KEY POINTS:
The Serious Fraud Office was given special coercive powers for a good reason. White-collar fraud is often a complex and sophisticated matter that is difficult to investigate and even harder to prove. The office's chequered career confirms as much. But its success rate would undoubtedly have been much lower if it had not been able to compel suspects to answer questions and also demand to see documents, regardless of client confidentiality. Those powers were deemed necessary two decades ago and are no less important now. Oddly, however, they will be denied to the police-organised crime unit that is to take the SFO's place.
Confirmation of the loss was delivered by the Government as it trumpeted the establishment of the Organised and Financial Crime Agency. This will absorb the SFO's 33 staff and merge them with the police's own organised crime team. The agency will tackle a grab-bag of tasks, ranging from gangs to international crime, in addition to fraud. It will do this without the SFO's powers for two stated reasons. The first is the Government's belief that substantial corporate fraud has diminished. That seems unlikely. In all probability, it has become even more refined and clever, partly in response to the SFO's presence.
The second reason, somewhat more cogent, is that the SFO's powers fall foul of the basic civil liberties enshrined in the Bill of Rights Act 1990, which was passed subsequent to the office's formation. The reduced powers will bring the new agency into line with the rights accorded everyone by the legislation. The agency's expanded bailiwick furnishes some justification for this. The SFO dealt with criminals who were well aware of the law and were ready and able to interpose a top-flight lawyer between themselves and investigators. The organised crime unit will, however, be much more involved with gang-related crime. While gang members are undoubtedly becoming more sophisticated, it is likely that many are ignorant of their basic rights and prone to self-incrimination.
There may also be a fear that the police may have co-opted some of the special coercion for activities bearing only slightly on the activities tackled by the SFO. But even so, the loss of the powers suggests the new agency will be toothless when it seeks to investigate complex cases of fraud. Sophisticated criminals, and their legal support teams, will be quick to take advantage of their right to remain mum and to surrender documents only after the agency has got a judge's permission. Stalling and silence will be their allies.
What all this suggests, more than anything, is that the SFO should not be abolished. The corporate fraud that it was established to combat remains, as does the need for special powers if this is to be tackled head-on. The case for retaining the office and its expertise does not end there. The Police Minister has confirmed that gangs will be "very much" the new agency's focus. Fraud is likely to receive scant attention as, indeed, has always been so with the police. The retiring SFO head, David Bradshaw, confirmed as much last October when, in his final annual report, he noted that several cases investigated by his office would not be regarded as a priority by the police.

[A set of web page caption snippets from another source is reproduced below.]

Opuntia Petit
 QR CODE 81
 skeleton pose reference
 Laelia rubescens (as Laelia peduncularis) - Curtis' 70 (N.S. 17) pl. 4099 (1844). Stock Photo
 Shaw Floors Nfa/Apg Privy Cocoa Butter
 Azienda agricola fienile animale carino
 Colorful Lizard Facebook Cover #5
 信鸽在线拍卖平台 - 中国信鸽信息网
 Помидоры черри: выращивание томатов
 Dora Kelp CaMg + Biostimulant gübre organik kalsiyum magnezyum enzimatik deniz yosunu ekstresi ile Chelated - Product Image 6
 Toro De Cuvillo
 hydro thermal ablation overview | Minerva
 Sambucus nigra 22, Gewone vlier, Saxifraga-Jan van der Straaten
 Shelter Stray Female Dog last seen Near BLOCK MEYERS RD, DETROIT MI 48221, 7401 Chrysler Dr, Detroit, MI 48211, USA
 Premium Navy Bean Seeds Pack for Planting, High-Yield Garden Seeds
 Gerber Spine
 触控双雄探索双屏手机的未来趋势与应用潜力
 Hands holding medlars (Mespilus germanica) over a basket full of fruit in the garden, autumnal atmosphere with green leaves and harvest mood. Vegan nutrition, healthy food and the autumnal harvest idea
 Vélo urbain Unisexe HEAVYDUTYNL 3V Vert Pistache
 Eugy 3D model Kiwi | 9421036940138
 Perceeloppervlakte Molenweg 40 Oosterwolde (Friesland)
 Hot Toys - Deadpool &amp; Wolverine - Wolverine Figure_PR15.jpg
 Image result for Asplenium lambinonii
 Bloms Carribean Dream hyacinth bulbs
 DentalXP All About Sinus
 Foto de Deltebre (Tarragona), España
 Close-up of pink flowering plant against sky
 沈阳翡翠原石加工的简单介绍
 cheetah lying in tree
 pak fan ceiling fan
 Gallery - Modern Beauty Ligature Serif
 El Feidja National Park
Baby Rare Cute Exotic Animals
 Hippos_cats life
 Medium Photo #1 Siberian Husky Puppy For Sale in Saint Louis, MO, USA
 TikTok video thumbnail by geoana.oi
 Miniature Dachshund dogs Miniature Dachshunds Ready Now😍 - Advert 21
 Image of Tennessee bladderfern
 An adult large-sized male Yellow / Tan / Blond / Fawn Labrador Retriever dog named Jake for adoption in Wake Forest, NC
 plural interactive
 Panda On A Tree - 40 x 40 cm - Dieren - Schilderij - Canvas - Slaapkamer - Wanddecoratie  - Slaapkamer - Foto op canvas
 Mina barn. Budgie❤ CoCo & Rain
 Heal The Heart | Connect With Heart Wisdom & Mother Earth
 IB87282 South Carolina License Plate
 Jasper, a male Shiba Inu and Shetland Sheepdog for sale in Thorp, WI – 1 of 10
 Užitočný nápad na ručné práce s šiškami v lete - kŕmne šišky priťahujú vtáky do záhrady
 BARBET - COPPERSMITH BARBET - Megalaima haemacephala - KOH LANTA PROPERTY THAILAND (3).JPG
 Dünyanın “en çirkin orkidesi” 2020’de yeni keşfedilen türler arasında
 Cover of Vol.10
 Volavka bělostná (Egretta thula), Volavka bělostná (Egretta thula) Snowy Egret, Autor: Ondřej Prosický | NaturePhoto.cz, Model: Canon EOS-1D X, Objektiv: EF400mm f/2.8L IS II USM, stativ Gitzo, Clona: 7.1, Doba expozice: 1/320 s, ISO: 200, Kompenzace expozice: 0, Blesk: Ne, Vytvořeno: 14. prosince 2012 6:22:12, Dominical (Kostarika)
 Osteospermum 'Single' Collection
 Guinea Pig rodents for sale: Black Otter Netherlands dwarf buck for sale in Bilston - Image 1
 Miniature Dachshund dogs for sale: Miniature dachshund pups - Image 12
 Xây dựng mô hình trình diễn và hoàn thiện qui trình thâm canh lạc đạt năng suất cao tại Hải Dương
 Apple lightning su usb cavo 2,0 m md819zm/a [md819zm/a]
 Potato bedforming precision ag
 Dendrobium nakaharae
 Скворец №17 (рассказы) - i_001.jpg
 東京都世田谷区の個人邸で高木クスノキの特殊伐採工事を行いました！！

Mr Bradshaw made two other points. The first was that serious and complex fraud remained an issue. The other was to ask whether the balance of the law was tipping too far in favour of the rights of defendants. Both represent strong arguments for retaining the SFO. Axing it is a serious mistake, whatever the other aspects of the Government's strategy to get tough on organised crime. Corporate fraud demands a strengthened specialist unit, not a defanged substitute.